| Records contained in a dataset |
· · · · ·

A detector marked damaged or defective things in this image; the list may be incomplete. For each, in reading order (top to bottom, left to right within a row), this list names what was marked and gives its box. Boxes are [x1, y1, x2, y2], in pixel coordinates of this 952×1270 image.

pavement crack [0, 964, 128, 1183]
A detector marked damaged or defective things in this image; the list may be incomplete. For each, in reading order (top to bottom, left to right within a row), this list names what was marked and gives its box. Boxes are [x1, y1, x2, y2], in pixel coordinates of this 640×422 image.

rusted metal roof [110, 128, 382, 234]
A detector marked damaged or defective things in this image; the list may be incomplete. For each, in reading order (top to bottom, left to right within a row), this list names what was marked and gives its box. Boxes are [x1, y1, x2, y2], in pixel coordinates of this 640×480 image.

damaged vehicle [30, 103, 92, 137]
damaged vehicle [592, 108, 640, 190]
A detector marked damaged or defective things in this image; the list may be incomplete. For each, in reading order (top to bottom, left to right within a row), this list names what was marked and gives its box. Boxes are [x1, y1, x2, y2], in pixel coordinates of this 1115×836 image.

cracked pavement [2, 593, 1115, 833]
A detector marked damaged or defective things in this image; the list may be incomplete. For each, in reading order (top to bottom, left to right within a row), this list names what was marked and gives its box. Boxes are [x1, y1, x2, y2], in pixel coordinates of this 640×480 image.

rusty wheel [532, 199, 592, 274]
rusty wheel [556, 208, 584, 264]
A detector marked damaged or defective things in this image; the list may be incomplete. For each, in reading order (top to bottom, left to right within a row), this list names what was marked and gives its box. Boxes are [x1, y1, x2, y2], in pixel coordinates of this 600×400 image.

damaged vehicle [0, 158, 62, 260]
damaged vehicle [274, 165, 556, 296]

· · · · ·

With the line containing "this 600×400 image." as the first and the last line of the records as the final one, print exactly the lines in that span.

| Problem solution |
A detector marked damaged or defective things in this image; the list may be incomplete. For each, in reading order (top to bottom, left to right within a row), this list names what was marked and gives its box. Boxes are [x1, y1, x2, y2], in pixel coordinates of this 600×400 image.

damaged vehicle [0, 158, 62, 260]
damaged vehicle [274, 165, 556, 296]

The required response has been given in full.